_PROBLEM DESCRIPTION_
The reply should contain each record below, returned exactly as given.

_DATA TO EXAMINE_
□ □ □
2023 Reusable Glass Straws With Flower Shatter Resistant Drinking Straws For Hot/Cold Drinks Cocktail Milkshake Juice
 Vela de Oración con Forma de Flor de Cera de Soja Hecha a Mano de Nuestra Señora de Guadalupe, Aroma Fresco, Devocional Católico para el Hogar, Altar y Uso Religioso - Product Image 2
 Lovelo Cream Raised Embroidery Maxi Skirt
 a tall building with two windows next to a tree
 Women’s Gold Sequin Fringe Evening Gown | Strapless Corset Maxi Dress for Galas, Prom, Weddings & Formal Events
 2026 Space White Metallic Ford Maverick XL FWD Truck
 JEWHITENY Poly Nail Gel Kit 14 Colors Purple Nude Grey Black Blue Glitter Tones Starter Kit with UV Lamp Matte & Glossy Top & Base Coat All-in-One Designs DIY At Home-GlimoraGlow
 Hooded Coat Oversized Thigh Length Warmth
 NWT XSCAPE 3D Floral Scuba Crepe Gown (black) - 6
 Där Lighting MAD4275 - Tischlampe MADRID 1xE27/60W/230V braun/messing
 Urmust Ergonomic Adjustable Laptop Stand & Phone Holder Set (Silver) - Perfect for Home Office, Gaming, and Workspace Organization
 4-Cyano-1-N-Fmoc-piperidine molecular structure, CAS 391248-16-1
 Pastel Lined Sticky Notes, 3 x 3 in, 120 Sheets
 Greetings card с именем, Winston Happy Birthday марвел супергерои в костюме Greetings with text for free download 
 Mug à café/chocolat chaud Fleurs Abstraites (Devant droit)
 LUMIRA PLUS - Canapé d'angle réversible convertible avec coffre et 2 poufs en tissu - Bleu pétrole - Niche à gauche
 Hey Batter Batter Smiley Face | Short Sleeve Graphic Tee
□ □ □
_OUTPUT OF THE TASK_
2023 Reusable Glass Straws With Flower Shatter Resistant Drinking Straws For Hot/Cold Drinks Cocktail Milkshake Juice
 Vela de Oración con Forma de Flor de Cera de Soja Hecha a Mano de Nuestra Señora de Guadalupe, Aroma Fresco, Devocional Católico para el Hogar, Altar y Uso Religioso - Product Image 2
 Lovelo Cream Raised Embroidery Maxi Skirt
 a tall building with two windows next to a tree
 Women’s Gold Sequin Fringe Evening Gown | Strapless Corset Maxi Dress for Galas, Prom, Weddings & Formal Events
 2026 Space White Metallic Ford Maverick XL FWD Truck
 JEWHITENY Poly Nail Gel Kit 14 Colors Purple Nude Grey Black Blue Glitter Tones Starter Kit with UV Lamp Matte & Glossy Top & Base Coat All-in-One Designs DIY At Home-GlimoraGlow
 Hooded Coat Oversized Thigh Length Warmth
 NWT XSCAPE 3D Floral Scuba Crepe Gown (black) - 6
 Där Lighting MAD4275 - Tischlampe MADRID 1xE27/60W/230V braun/messing
 Urmust Ergonomic Adjustable Laptop Stand & Phone Holder Set (Silver) - Perfect for Home Office, Gaming, and Workspace Organization
 4-Cyano-1-N-Fmoc-piperidine molecular structure, CAS 391248-16-1
 Pastel Lined Sticky Notes, 3 x 3 in, 120 Sheets
 Greetings card с именем, Winston Happy Birthday марвел супергерои в костюме Greetings with text for free download 
 Mug à café/chocolat chaud Fleurs Abstraites (Devant droit)
 LUMIRA PLUS - Canapé d'angle réversible convertible avec coffre et 2 poufs en tissu - Bleu pétrole - Niche à gauche
 Hey Batter Batter Smiley Face | Short Sleeve Graphic Tee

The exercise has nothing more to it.